Thursday, August 24

Marketing Buzz In The Making

Approximately six days ago, Ireland-based Steorn invited the world's scientists to test what they call a revolutionary new technology with an advertisement in The Economist.

According to the company's news release, the technology is based on the interaction of magnetic fields and allows the production of clean, free and constant energy. It can be applied to virtually all devices requiring energy, from cellular phones to cars.

It is an intriguing concept, one that has been kicked around for some time, and especially interesting for quantum physics buffs who sometimes enjoy looking up the latest redesign of Tesla's Coil (that would be me), which is another intriguing concept that leads to the creation and production of free energy.

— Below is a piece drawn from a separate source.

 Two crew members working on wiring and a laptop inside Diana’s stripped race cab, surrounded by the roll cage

Perhaps even more striking than the concept of free energy is the risky game of generating a marketing buzz for a technology that will apparently not be released to the public until after all (or at least some) of the scientists can validate the results. In fact, according to the company's Web site, more than 3,000 scientists have already accepted the challenge.

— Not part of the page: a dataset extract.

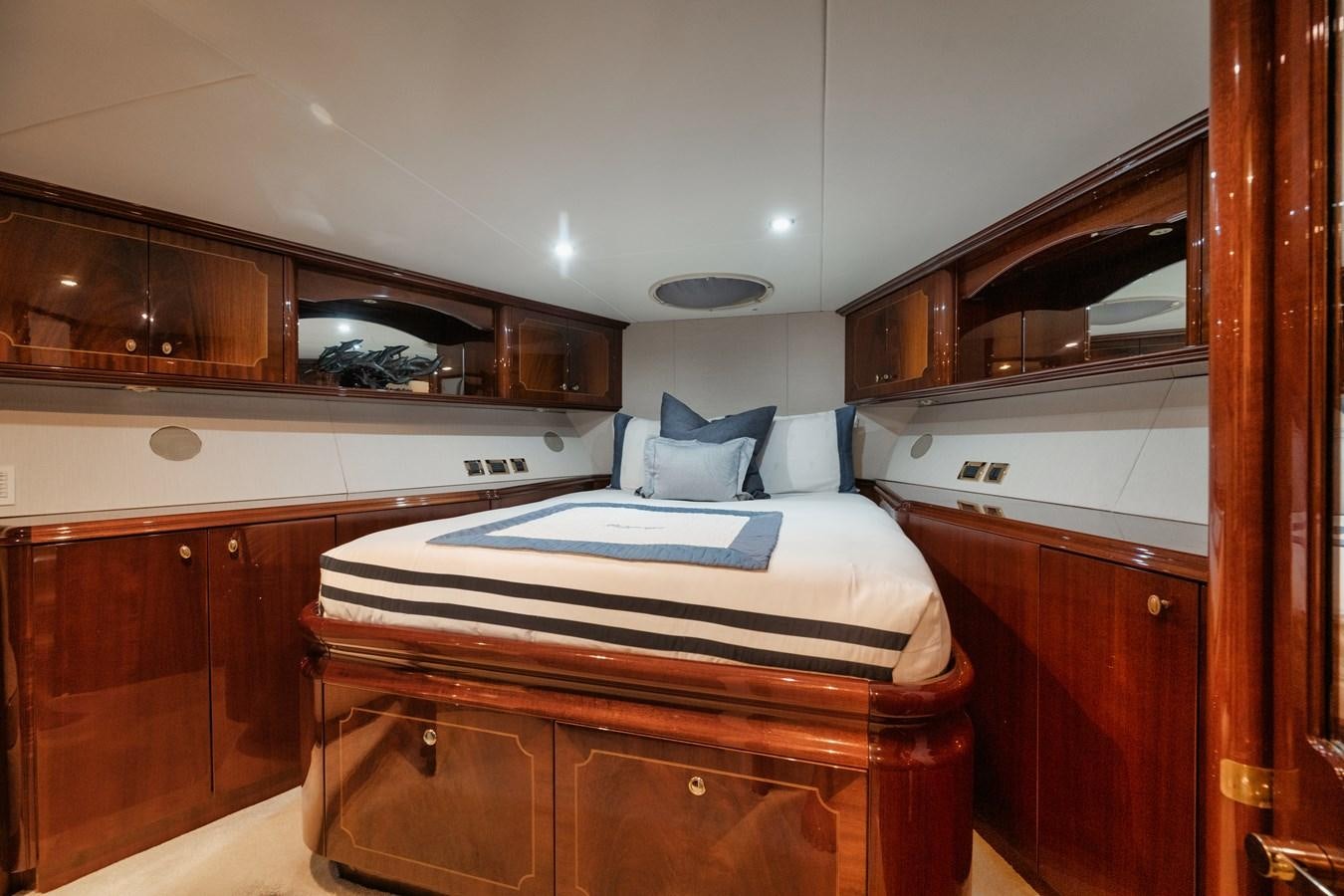 a bedroom with a bed aboard BELLA CONTESSA Yacht for Sale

The reason I call this a risky game is because Steorn is riding a very thin line. On one hand, if they truly are far enough along in the free energy game that their claim will eventually revolutionize the world as we know it, their advertisement is marketing genius. On the other hand, considering they ran the advertisement in a weekly newspaper focusing on international politics and business news (and not known for its scientific readership), the marketing buzz they are creating, possibly to attract investors, could backfire, if it hasn't already.

Buzz marketing, as effective as it can be, is a dangerous game of gambling corporate credibility and the stakes are directly proportionate to your ability to deliver. For Steorn, given that 68 percent of the people who responded to their online poll that asks "should that scientific community accept our challenge" said NO, their wager seems to be equivalent to going "all in" without having the right cards to pull it off. Simply put, skepticism is high and if Steorn does not deliver, their next venture, even if it seems somewhat credible, will suffer, assuming the company survives.

At the moment, it's hard to say whether Steorn is simply looking to inflate company valuation on a promise as adventurous as The Wonga Coup (just without mercenaries), or whether they really have something that could potentially change the world. They claim they did attempt to go the traditional scientific route by quietly asking academic institutions to validate their results. But the company can hardly provide a case study for corporate transparency nor has it produced similar technologies (their first venture was related to technologies that help prevent counterfeiting and fraud in the plastic card and optical disc industries). So, time will tell, assuming they haven't lost already by damaging their credibility beyond repair.

All of this is not to imply ''buzz marketing'' is bad. We've frequently assisted in the development of such communication strategies that have paid off, a by-product of living in Las Vegas.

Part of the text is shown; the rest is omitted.